IN GOD WE TRUST was first used on U.S. paper money in 1957, when it appeared on the one-dollar silver certificate. A lot has changed since then.
Today we live in a digital world as technology and credit cards have reduced cash demand. The U.S. Treasury has even slowed down its printing of paper money with the $100 bill now the highest denomination.
Suffice it to say putting IN GOD WE TRUST on money doesn’t have anything to do with its value. It’s really a Federal Reserve note that is backed by the “full faith and credit” of the U.S. Government.
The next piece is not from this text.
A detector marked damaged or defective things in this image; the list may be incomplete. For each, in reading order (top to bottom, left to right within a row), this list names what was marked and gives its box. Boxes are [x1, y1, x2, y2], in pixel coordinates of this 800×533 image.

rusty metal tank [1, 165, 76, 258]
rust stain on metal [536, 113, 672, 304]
Essentially, we trust that the U.S. government will cover its bets.
Public trust in government, however, remains close to historic lows, according to the Pew Research Center, with only 18 percent of Americans saying they trust the federal government to do the right thing “just about always” or “most of the time.” But that’s another story.
Enter cryptocurrency, or Bitcoin, one of the more well-known types of new digital money. While still confusing to many, these currencies were established to do away with any central authority, such as central banks or federal reserve banks, and can be transferred electronically in open and secure environments.
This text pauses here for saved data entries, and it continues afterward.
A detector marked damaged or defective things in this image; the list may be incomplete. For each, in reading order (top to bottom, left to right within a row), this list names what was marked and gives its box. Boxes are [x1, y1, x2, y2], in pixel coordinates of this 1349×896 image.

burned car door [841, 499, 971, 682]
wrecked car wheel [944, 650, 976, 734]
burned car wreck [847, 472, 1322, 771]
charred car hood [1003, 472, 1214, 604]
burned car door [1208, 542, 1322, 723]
The Great Recession and the recent U.S. fiscal crisis have spurred interest in what is known as block chains, sort of a global online depository using distributed computing where each crypto currency value (or Bitcoin) is registered. This eliminates the “middleman” (aka the Federal Reserve) so that the digital currency is not tied to any financial institution.
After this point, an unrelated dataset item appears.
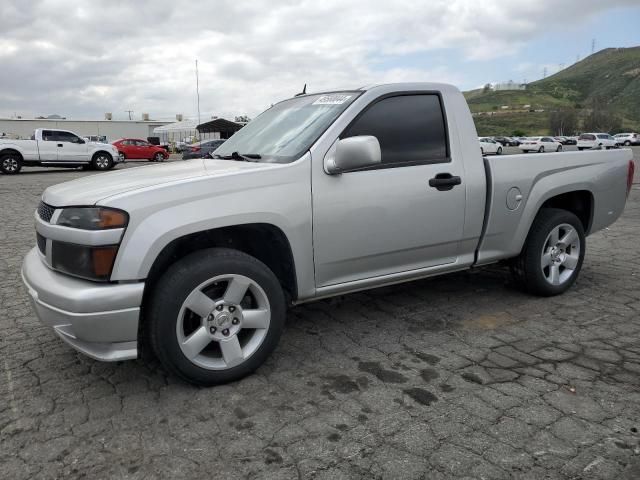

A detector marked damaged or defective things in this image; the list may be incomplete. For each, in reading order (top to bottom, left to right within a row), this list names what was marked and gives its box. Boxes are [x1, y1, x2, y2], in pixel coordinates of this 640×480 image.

cracked pavement [1, 155, 640, 480]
We trust our money in banks are secure. Depositors, however, may not be aware that U.S. banks are only required to have reserves of 3 percent for checking accounts and 0 percent for savings accounts. So, if a bank collapses, which many have done and continue to do, account holders may not get their money back. Ever hear of a bank run? Scary, isn’t it?
This is the bet for digital currencies like Bitcoin as highlighted in the 2016 documentary, “Banking on Bitcoin.” Many monetary and financial experts have varying opinions on the future success of cryptocurrencies. Although U.S. stock markets are at all-time highs, economic uncertainty is still a major concern among most Americans as well as people around the globe.
It may be some time before the U.S. and the world for that matter embrace Bitcoin and other cryptocurrencies. Trust needs to be earned, so adoption may be later than sooner. But others are betting big time on digital currency. Consider the fact that at the time of this post, one Bitcoin was valued at $15,694.26. In July of 2010, it was only $0.08.
So, in homage to the recent film, “Star Wars: The Last Jedi,” trust in Bitcoin, we must.